Company

Dynamic Trajectory Memory

We believe AI is only as reliable as the structure around it.

The structure problem

We built AI systems that move faster than any organization can supervise. Then we forgot to build the structure.

Organizations running AI workflows today have speed. What they don't have is memory, governance, or continuity. When something goes wrong there is no record of why it was approved, who decided, or when the drift started.

The models are not broken. The structure around them is missing. Every organization deploying AI in production is accumulating unstructured decisions — approvals in chat threads, overrides nobody documented, institutional knowledge that lives only in the people who happened to be in the room.

When your best operator leaves, so does the reasoning. That is a structural problem, not a personnel one.

What DTM builds

Governance infrastructure. The layer between your agents and your organization.

DTM builds Janus DTM OS — a governed institutional memory layer for human-agent organizations. Janus sits above your existing agent infrastructure and owns two things: the decision boundary and the organizational memory.

Nothing executes until a human ratifies it. Nothing that happens gets forgotten. Every decision, approval, override, and escalation is stored in structured, retrievable form — linked to the plan it governed and the context that produced it.

The gates are not features. The card hierarchy is not a feature. The linked memory is not a feature. They are institutional stabilizers — infrastructure for organizations where humans and agents work together and the stakes of getting it wrong are real.

Why this matters now

The adoption curve is ahead of the governance infrastructure by years.

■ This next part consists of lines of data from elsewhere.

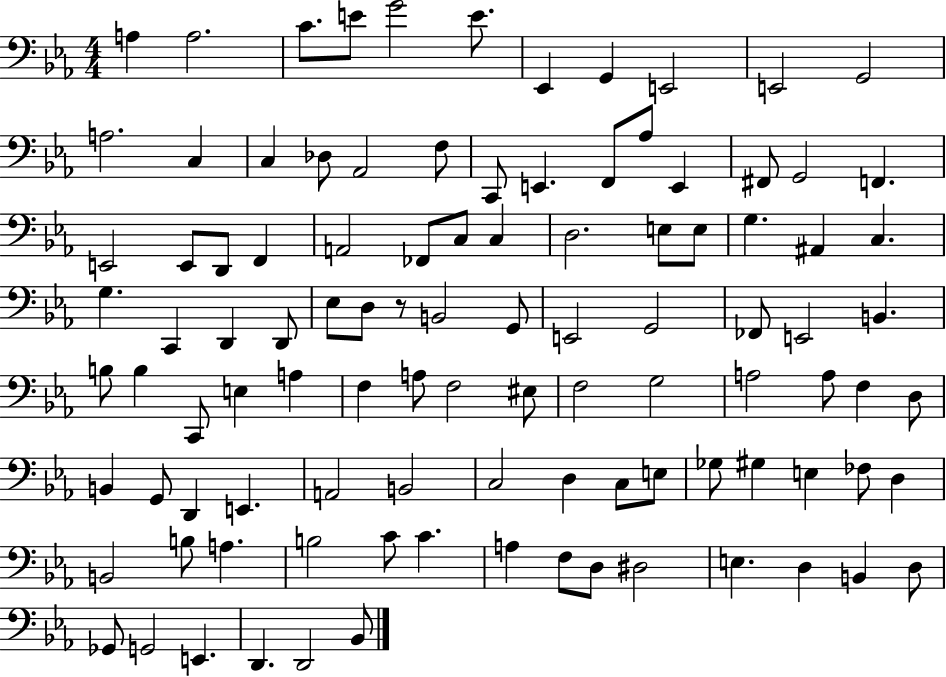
{
  \clef bass
  \numericTimeSignature
  \time 4/4
  \key ees \major
  a4 a2. | c'8. e'8 g'2 e'8. | ees,4 g,4 e,2 | e,2 g,2 | \break a2. c4 | c4 des8 aes,2 f8 | c,8 e,4. f,8 aes8 e,4 | fis,8 g,2 f,4. | \break e,2 e,8 d,8 f,4 | a,2 fes,8 c8 c4 | d2. e8 e8 | g4. ais,4 c4. | \break g4. c,4 d,4 d,8 | ees8 d8 r8 b,2 g,8 | e,2 g,2 | fes,8 e,2 b,4. | \break b8 b4 c,8 e4 a4 | f4 a8 f2 eis8 | f2 g2 | a2 a8 f4 d8 | \break b,4 g,8 d,4 e,4. | a,2 b,2 | c2 d4 c8 e8 | ges8 gis4 e4 fes8 d4 | \break b,2 b8 a4. | b2 c'8 c'4. | a4 f8 d8 dis2 | e4. d4 b,4 d8 | \break ges,8 g,2 e,4. | d,4. d,2 bes,8 | \bar "|."
}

Organizations are deploying AI workflows in production without the institutional infrastructure to govern them. The audit trail problem, the memory problem, the handoff problem — these are structural gaps that models cannot fill.

Janus is not a wrapper around an LLM. It is an operating system for the decision boundary — the point where human judgment must meet machine execution and the result must be recorded, retrievable, and defensible.

DTM is building this infrastructure now because the cost of not having it compounds. Every unrecorded decision is institutional debt. Every undocumented override is a liability. Every time an operator leaves and takes the context with them, the organization loses ground it cannot easily recover.

The work that matters now is building the memory and governance layer before the defaults get set without it.